I never tried to impress anyone, you asked a question, and I answered it.

I'm not referring to "book learning". That has absolutely nothing to do with my point. My point is about strength of character, which is lacking in anyone who thinks working out is as important as taking care of their families.

I guess I confused this site with "readingcomprehension.com".


----------



## gr81 (Jun 2, 2003)

> _*Originally posted by dankjones *_
> I never tried to impress anyone, you asked a question, and I answered it.I'm not referring to "book learning". That has absolutely nothing to do with my point. My point is about strength of character, which is lacking in anyone who thinks working out is as important as taking care of their families.



No, I didn't ask you a question, you insulted everybody on this site and got on here talking a bunch of shit like you are so high and mighty and we are just a bunch of meatheads who don't have their priorites in life right. Who said anything about training being more important than taking care of ones family? You have got some issues man, for you to get on here and start putting words in our mouths just so you can start an argue with someone. Get over yourself fool. I don't have a family so is it OK with you if I continue to weight train? ha ha. You don't even have a fuckin point, so stop trying to kick up dust.

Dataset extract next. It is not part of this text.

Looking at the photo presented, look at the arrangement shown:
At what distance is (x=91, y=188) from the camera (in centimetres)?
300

Who are you to say that what we are doing with our lives isn't right or important enough. If your trippin then it must be you I am talkin about, if it ain't you, then don't trip!


----------



## DanK (Jun 3, 2003)

Because dankjones had the indecency to have a similar name to mine, and then declare the article that spawned this thread to be egotistical or something, I got curious, to see if I could find the reasoning behind his anti-this thread views, to understand how he could read it and assume that despite the inspirational tone of the article, he could somehow feel that the article was insulting, and it's come to my attention, the names in the article have been changed, dankjones is none other than the infamous bob.

And with that discovery comes the real question, in a room full of birds, why would you jump up and scream "I'M THE WORM!"


----------



## firestorm (Jun 3, 2003)

> _*Originally posted by dankjones *_
> If getting built is the greatest accomplishment in your life, then it is a sad life indeed.

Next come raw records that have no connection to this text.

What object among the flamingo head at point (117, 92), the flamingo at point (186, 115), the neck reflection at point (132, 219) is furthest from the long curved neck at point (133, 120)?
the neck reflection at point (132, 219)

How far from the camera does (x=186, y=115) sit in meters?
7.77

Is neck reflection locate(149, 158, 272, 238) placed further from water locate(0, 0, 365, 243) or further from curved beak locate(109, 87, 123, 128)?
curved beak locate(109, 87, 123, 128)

Getting built as you put it is only the physical transformation that comes from excercise.  What's more important is the mental aspects that comes with it.  More alert, feel better about yourself, better health and uplifting to the spirit.  It also builds self confidence.  Those are just a 'FEW" things that come to mind.


----------



## dankjones (Jun 3, 2003)

gr81: Your exact words were "I can speak for myself when I say that I do something every day to better myself as a result of BB, what do you do huh?" You are obviously the local troll, I have no need to respond to your posts any furthur.

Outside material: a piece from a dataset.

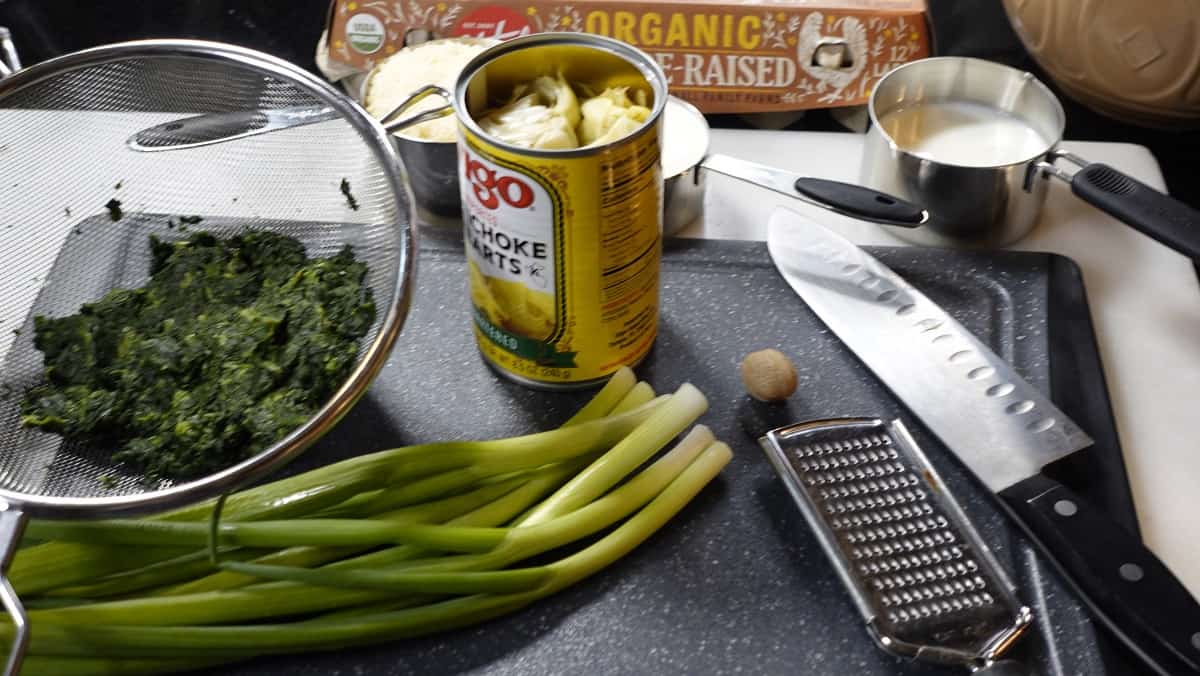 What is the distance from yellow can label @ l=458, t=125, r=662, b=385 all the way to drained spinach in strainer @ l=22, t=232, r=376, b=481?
13 cm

firestorm: If you read more closely you'll see that I said "If getting built is the greatest accomplishment in your life" That's not to say that it isn't a great accomplishment, but there are far greater things, and if that is the greatest in someone's ENTIRE life, well that's kind of lame.

DanK: Sorry, I didn't do a search for names similar to mine before joined. I've been using this name on and off since 1996. Yes, I was Bob, and the jury is still out as to wether I still am or not. I'll let you know in about a year.


----------



## gr81 (Jun 3, 2003)

the local troll huh, wow you showed me. Hey newbie, why don't you go somewhere else. since being fit is so offensive to you then why are you spending time on a fitness board? That is like me getting on a hip hop forum and criticizing everyone on there for listening to rap, it doesn't make alot of sense and you won't accomplish anything. I am not going to resort to name calling b/c I don't have to to prove my point. Everyone that has read your posts knows what kind of person you are, so that is all. Have a nice life sitting on that couch drinking beer and adding width to that gut of yours Bob, have a nice life being like everyone else out there.


----------



## CourtQueen (Jun 3, 2003)

Ok Males, I have to jump in here.

First off dankjones, you don't get the article.  Go read some of this authors other stuff at t-mag, then you might get it.  Second, congrats on teaching yourself college alegebra.  After you ace abstract then let us know if it was worth it.  ( I did get my degree in math - so don't fuck with me)

I actually think that working out is as important as taking care of my family.  If I don't workout I would get weak, have less energy and be a stress case.  Do you realize what that does to a family??  Working out = taking care of my family!!

Everyone is different.  There are people out there that have a lot to overcome to accomplish a physique that they are proud of.  To me that is amazing, the mind body connection is such a powerful thing.  Someone that has achieved a physical goal has often achieved a mental one too.  

"If getting built is the greatest accomplishment in your life, then it is a sad life indeed."  I think this is a HORRIBLE comment.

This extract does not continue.